The noise law, however, does not apply to MSU. Lillie suggested MSU might consider ways to project sound differently so that less of it comes off campus.
Fraternity and sorority “annexes”:
A great deal of pressure has been put on fraternities and sororities to reduce alcohol abuse, to the point where some houses are declared “dry.” But to get around this, some fraternities and sororities rent local houses as “annexes” where they hold parties where behavior won’t be directly associated with their main addresses.
Beekman acknowledged this situation and called it “troubling,” mentioning the highly-publicized hazing-drinking death of Tim Piazza at the Penn State chapter of Beta Theta Pi. Beekman noted that at MSU, fraternities and sororities are located off-campus—“they’ve got private houses on private land in East Lansing, so there is very little control that we have over them other than sort of influence and encouragement and cajoling and education insofar as they are our students.”

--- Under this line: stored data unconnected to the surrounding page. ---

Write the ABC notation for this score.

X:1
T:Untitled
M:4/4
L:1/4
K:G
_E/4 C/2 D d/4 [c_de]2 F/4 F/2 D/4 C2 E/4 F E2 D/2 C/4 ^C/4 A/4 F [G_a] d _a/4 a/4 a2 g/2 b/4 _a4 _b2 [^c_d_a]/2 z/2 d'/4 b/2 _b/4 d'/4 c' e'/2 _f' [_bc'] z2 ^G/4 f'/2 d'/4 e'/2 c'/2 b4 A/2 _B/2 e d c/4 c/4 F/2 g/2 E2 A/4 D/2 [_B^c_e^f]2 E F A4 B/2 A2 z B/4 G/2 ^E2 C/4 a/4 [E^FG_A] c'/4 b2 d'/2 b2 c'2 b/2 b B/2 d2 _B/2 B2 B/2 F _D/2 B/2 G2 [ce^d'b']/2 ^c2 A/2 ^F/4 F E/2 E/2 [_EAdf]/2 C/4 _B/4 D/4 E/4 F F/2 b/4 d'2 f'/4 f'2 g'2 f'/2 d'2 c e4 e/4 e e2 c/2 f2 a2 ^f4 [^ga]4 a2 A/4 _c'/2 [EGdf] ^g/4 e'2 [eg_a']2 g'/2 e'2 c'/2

He said that, when the media covers the story of Piazza, it is not the fraternity or the town that is named, but the university. So, he said, “there is a massive piece [of perceived responsibility] that falls on the institution that is across the street, and yet for better or worse, we have precious little control as to how these places work.” According to Beekman, “at the end of the day, our control is fairly limited.”
Below: MSU Chapter of Alpha Gamma Rho on Evergreen Avenue in East Lansing, where MSU senior Brian McMillen, aged 22, died in 2009 of alcohol poisoning.

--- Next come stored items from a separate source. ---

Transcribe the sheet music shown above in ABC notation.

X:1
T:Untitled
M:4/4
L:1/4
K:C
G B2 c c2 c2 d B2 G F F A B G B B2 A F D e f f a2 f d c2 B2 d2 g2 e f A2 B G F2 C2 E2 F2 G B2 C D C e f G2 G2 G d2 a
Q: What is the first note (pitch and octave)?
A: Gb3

MSU has no off-campus code-of-conduct policy:
Members of the Associated Students of Michigan State University (ASMSU, the government for MSU undergraduates) have been looking at proposing an off-campus code-of-conduct policy. They note that MSU is the only Big 10 institution without one.
Lorenzo Santavicca, President of ASMSU, tells ELi that the group “anticipate[s] holding a full discussion” on the issue this year.” He says a major question in the matter is, “What is the role of the university in these measures?”
According to Santavicca, “Our organization some time ago led an effort that brought the issue all the way up to the Board of Trustees but it was voted down ultimately by the board.” He added that ASMSU plans to address the issue again in the new year, and that it may be the right time to ask the University to "step up and reevaluate whether or not the responsibilities (and consequences) of being a Spartan" end where campus meets the City of East Lansing.
Asked if MSU’s administration would support an off-campus code-of-conduct policy, Webster said any proposed policy of this type “has to go through a lot of academic communities and requires support of students, faculty, and administrators.” Beekman praised ASMSU for its leadership in conduct issues.